Correction: They came up with the name, so it's theirs. I'll leave my public embarrassment here.
OS came to us from the OSD, written by the OSI and after hot debate in the early days of what should and shouldn't be Free Software. It was specifically a reaction to the FSF and a rejection of that group's activism, which didn't fit what they were trying to do.
[1]: https://en.wikipedia.org/wiki/Open-source_software (specifically the first section starting with End of the 90s)
Still, it could matter it it ever came down to legal proceedings. But in everyday, colloquial terms, I think the OSD just "is" the definition of Open Source.
Edit: Yeah, see @CogitoCogito's post for more on the "Open Source predates OSI" argument. The counter-argument, I suppose, is that they didn't "coin" the phrase in the strictest sense, but were possibly the first to rigorously define it and give it meaning within a specific context. Whether or not one accepts that argument, or a similar argument, is obviously open to debate.
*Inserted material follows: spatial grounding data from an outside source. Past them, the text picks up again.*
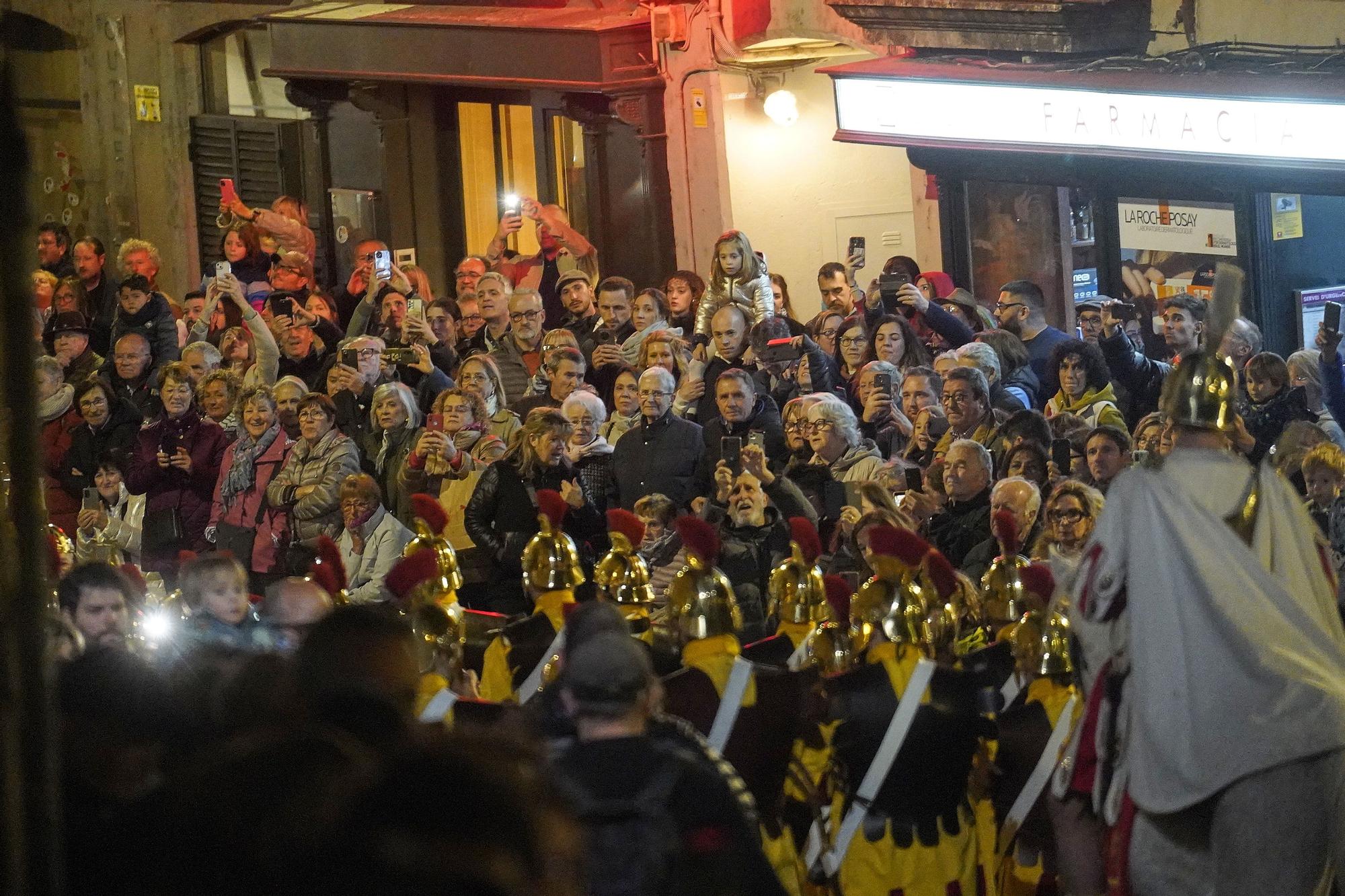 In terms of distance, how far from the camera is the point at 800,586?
6.72 meters

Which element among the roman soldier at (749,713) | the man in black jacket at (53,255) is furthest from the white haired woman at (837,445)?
the man in black jacket at (53,255)

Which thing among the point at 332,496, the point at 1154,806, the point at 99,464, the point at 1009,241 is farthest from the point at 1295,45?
the point at 1154,806

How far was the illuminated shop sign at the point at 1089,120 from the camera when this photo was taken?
11070 mm

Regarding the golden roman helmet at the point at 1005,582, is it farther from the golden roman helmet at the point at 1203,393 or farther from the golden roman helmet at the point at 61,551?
the golden roman helmet at the point at 61,551

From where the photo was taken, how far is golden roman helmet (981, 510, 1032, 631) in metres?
6.69

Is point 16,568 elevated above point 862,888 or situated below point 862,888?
above

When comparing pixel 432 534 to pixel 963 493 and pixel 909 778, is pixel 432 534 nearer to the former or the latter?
pixel 963 493

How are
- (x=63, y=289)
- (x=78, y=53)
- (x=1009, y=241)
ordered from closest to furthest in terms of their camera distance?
(x=1009, y=241), (x=63, y=289), (x=78, y=53)

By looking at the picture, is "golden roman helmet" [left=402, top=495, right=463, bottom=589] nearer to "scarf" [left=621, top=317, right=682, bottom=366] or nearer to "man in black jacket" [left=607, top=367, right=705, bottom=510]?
"man in black jacket" [left=607, top=367, right=705, bottom=510]

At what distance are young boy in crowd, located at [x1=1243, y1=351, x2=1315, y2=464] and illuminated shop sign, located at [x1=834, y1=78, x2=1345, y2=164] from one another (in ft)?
7.47

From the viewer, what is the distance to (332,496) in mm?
10547

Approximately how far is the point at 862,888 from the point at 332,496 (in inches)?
195

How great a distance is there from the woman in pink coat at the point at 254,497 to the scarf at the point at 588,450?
1.77m

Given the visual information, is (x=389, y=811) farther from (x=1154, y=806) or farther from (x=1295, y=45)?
(x=1295, y=45) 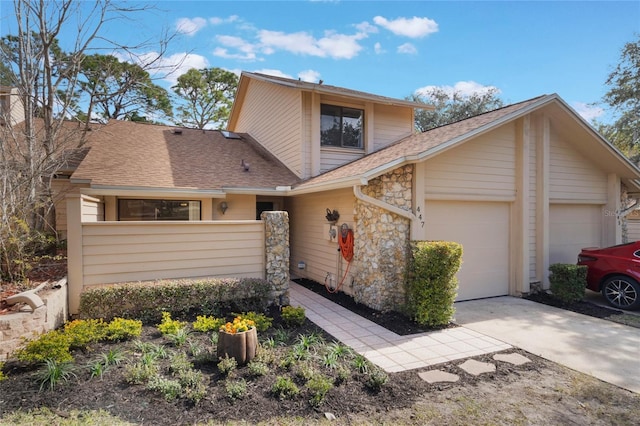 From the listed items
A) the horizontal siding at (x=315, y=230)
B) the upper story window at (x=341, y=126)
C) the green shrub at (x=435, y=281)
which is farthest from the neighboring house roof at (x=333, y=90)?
the green shrub at (x=435, y=281)

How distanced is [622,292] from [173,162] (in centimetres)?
1164

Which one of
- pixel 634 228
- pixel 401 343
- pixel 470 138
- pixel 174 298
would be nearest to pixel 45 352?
pixel 174 298

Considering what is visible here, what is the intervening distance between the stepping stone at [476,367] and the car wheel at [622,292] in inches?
192

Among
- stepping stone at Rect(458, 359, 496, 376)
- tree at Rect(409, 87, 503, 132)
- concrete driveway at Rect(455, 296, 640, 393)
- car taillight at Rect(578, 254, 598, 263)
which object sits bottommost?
concrete driveway at Rect(455, 296, 640, 393)

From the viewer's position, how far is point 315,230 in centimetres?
917

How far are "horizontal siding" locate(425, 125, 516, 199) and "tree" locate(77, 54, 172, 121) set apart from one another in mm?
7536

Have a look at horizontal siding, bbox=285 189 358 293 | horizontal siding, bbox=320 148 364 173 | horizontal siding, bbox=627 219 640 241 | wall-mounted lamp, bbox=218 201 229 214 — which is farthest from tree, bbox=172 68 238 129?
horizontal siding, bbox=627 219 640 241

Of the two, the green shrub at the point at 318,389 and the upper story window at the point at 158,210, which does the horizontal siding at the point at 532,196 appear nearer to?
the green shrub at the point at 318,389

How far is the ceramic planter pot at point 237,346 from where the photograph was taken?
12.7 ft

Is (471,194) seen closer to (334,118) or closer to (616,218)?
(334,118)

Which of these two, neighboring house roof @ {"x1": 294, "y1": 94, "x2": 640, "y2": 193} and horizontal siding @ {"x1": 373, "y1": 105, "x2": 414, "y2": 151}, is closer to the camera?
neighboring house roof @ {"x1": 294, "y1": 94, "x2": 640, "y2": 193}

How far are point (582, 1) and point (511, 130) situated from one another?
349 centimetres

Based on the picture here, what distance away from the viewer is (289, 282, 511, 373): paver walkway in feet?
14.2

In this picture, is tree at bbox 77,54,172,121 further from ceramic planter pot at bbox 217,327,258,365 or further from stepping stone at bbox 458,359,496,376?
stepping stone at bbox 458,359,496,376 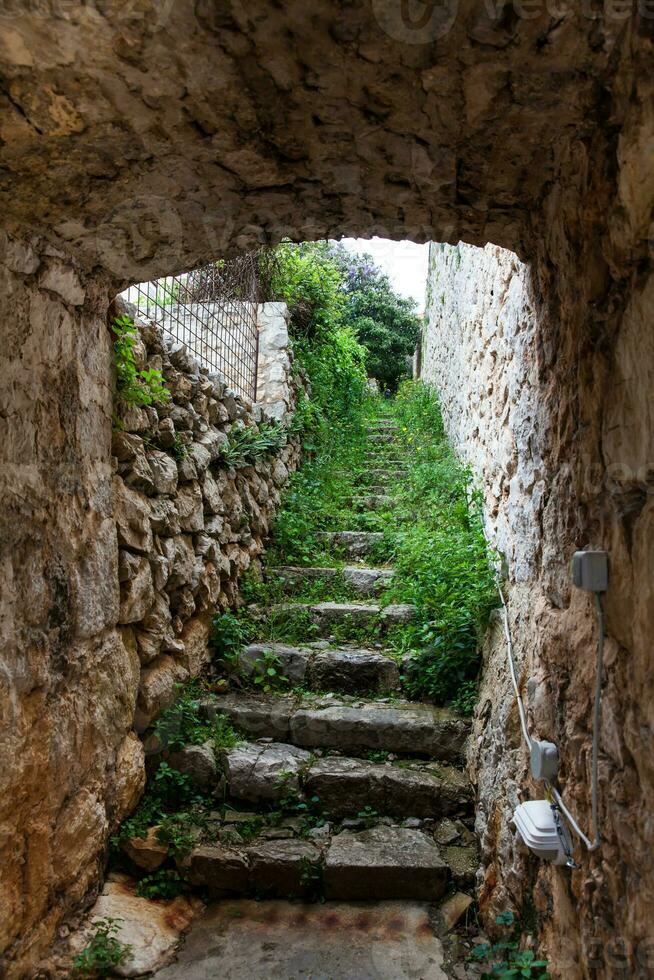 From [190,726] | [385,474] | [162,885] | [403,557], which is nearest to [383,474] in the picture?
[385,474]

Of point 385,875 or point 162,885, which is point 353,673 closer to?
point 385,875

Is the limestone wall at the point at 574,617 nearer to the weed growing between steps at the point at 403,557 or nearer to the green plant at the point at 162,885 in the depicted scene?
the weed growing between steps at the point at 403,557

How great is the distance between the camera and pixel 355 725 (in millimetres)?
2938

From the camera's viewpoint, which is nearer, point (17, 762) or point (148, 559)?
point (17, 762)

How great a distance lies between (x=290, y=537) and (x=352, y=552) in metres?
0.45

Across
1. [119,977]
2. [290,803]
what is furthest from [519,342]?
[119,977]

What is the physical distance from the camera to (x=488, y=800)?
7.91 feet

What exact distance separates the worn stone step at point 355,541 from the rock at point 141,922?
2.45 m

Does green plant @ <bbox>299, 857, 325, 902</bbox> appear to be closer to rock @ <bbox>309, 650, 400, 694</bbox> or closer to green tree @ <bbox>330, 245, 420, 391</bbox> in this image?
rock @ <bbox>309, 650, 400, 694</bbox>

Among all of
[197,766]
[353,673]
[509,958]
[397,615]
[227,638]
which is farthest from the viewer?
[397,615]

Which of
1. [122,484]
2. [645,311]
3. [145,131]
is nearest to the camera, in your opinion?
[645,311]

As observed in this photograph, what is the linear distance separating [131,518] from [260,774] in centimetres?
122

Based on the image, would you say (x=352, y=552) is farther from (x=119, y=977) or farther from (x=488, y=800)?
(x=119, y=977)

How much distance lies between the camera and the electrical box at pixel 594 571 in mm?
1422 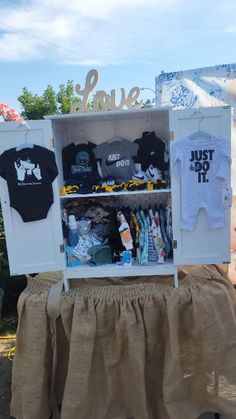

I don't imagine the F/OSS ecosystem would be much different today had the OSD/OSI never come to be, unlike say the Apache Foundation or GNU projects.
https://lunduke.substack.com/p/who-really-coined-the-term-op...
Digging further is for extreme nitpickers.
Gutenberg didn't "invent" the printing press either. Movable type dates back to 11th century China if you really want accurate attribution. Except for the purposes of the history of the modern world, Gutenberg's invention is most relevant/accurate.
My internet usage started on university systems back in the 80s, along with BBS and usenet and I had never heard the term Open Source even once until 1998.
They did not come up with the use of the word "open" in regard to computer software or standards. Any native or fluent English speaker could easily do that.
The term "open standard" was used in the 1980's. In the area of Unix, specifically, there existed The Open Group for Unix Systems (later called X/Open Company) and The Open Software Foundation. These two merged in 1996 to form The Open Group.
In the 1980's AT&T and Sun Microsystems collaborated on creating a standard GUI, and called it Open Look.
All these people were corporate cronies trying to create a monopolistic software ecosystem that they control; they used the word "open" insincerely: the obvious ingredient that was lacking was access to source code by anyone who isn't one of the oligarchs.
In that environment it was very easy for any random developer or user to come up with a lament along the lines "these Open This and Open That people have open standards and open systems and even software with the word Open in the name; the only ingredient missing is, oops, the actual open source code".